Di Sela Langkah

378 54 5
                                    

Siang ini udara terasa begitu pengap. Sinar matahari memanggang menghanguskan badan. Aku berjalan tergesa, ingin cepat sampai ke rumah setelah seharian ini berkutat dengan pelajaran di sekolah.

Kuhalau debu-debu yang hendak hinggap di wajahku. Aku menggerutu dalam hati, "kota ini penuh polusi." Lalu kuseka keringat di dahi, dan berusaha membenarkan posisi kerudung yang agak miring.

Rumahku sudah terlihat di depan mata, tinggal berjarak sepelemparan batu dari tempatku sekarang.

Tiba-tiba..

Brukkk...!!

Refleks aku menoleh ke belakang dan terpekik melihat seorang kakek tua, terjatuh bersama berkarung-karung sampah yang ia panggul.

"Kakek!"

Itu bukan suara teriakanku. Ada seorang anak perempuan berjilbab tipis, sebaya denganku, berlari menuju kakek itu. Ia kemudian membantu kakek itu berdiri. Dan aku, yang tiba-tiba dihantam kesadaran dan hati nurani yang berteriak, segera ikut menolong si kakek.

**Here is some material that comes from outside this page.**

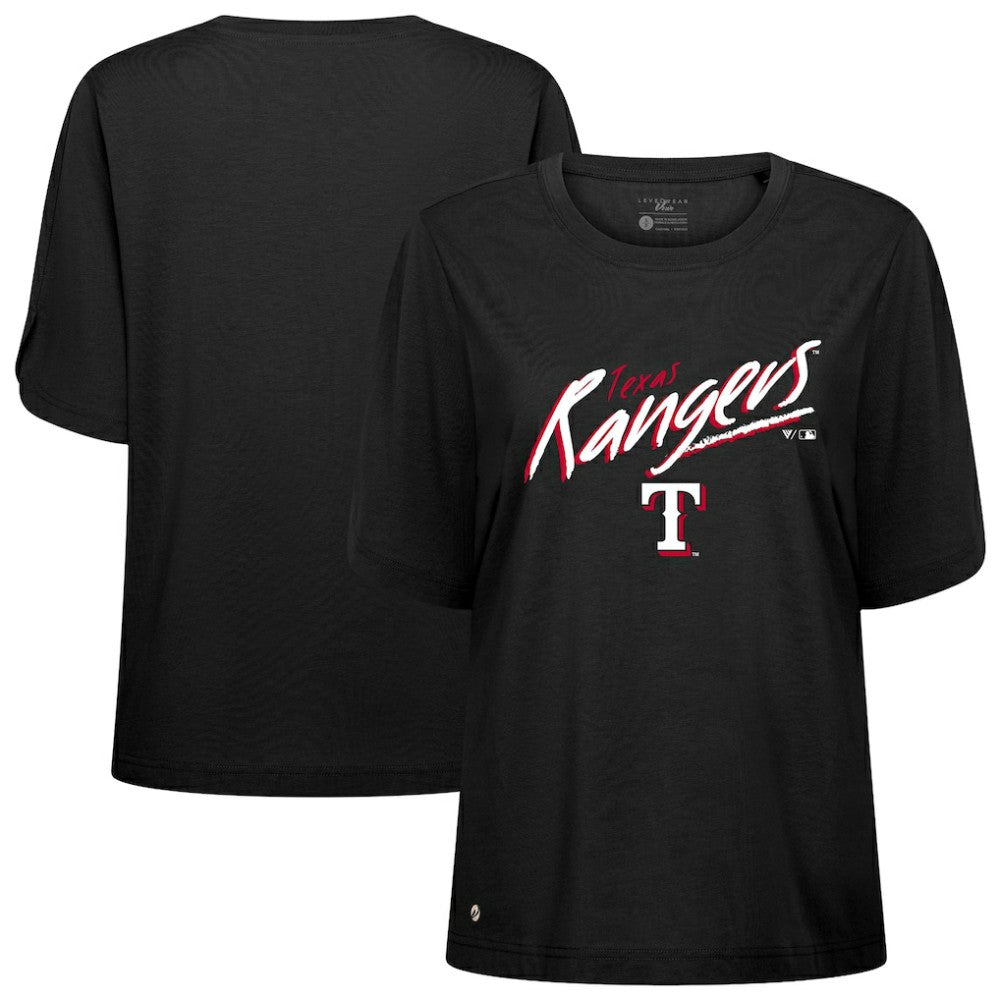 Texas Rangers Levelwear Women's Bloom Sizzle T-Shirt - Black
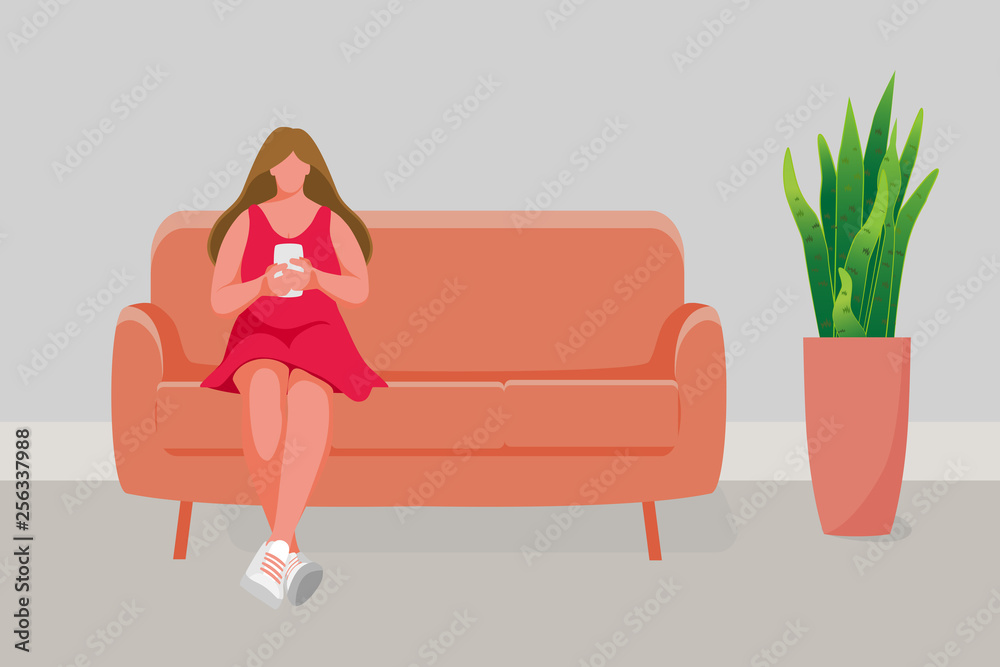 Girl sitting on the sofa Girl sitting on the sofa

Aku memasukan botol-botol plastik yang berceceran ke dalam karung milik si kakek. Sepertinya kakek ini seorang pemulung sampah.

"Kakek tidak apa-apa?" Gadis tadi Bertanya. Kakek itu tidak menjawab dan hanya mengangguk pelan. Kakek itu menatapku sekilas dan tersenyum. Aku balas tersenyum dengan kikuk, menatap matanya yang dalam dan penuh sorot yang tampak bijak penuh welas asih.

"Kamu siapa?" gadis itu bertanya padaku.

"Eh? E.. aku Nina, aku tinggal di sana," jawabku terbata, menunjuk rumahku. Ia tersenyum dan mengulurkan tangan.

"Namaku Puput, terimakasih ya, sudah menolong kakek."

Aku tersenyum kikuk, merasa malu karena padahal aku tidak merasa membantu sama sekali.

"Aku mau mengantar kakek pulang." Ujar gadis itu.

"Oh, aku ikut kalau begitu." Jawabku.

Puput terlihat senang. "Benarkah? Terima kasih sekali."

Wah, aku sendiri kaget mendengar jawabanku. Bisa-bisanya aku berkata begitu, padahal aku sudah kepanasan setengah mati, ingin pulang.

Tapi tanpa mempedulikan sengatan matahari yang terasa bertambah panas, akhirnya aku mengikuti langkah kaki Puput yang memapah Kakek, sedangkan kedua tanganku membawakan karung-karung sampah milik si kakek.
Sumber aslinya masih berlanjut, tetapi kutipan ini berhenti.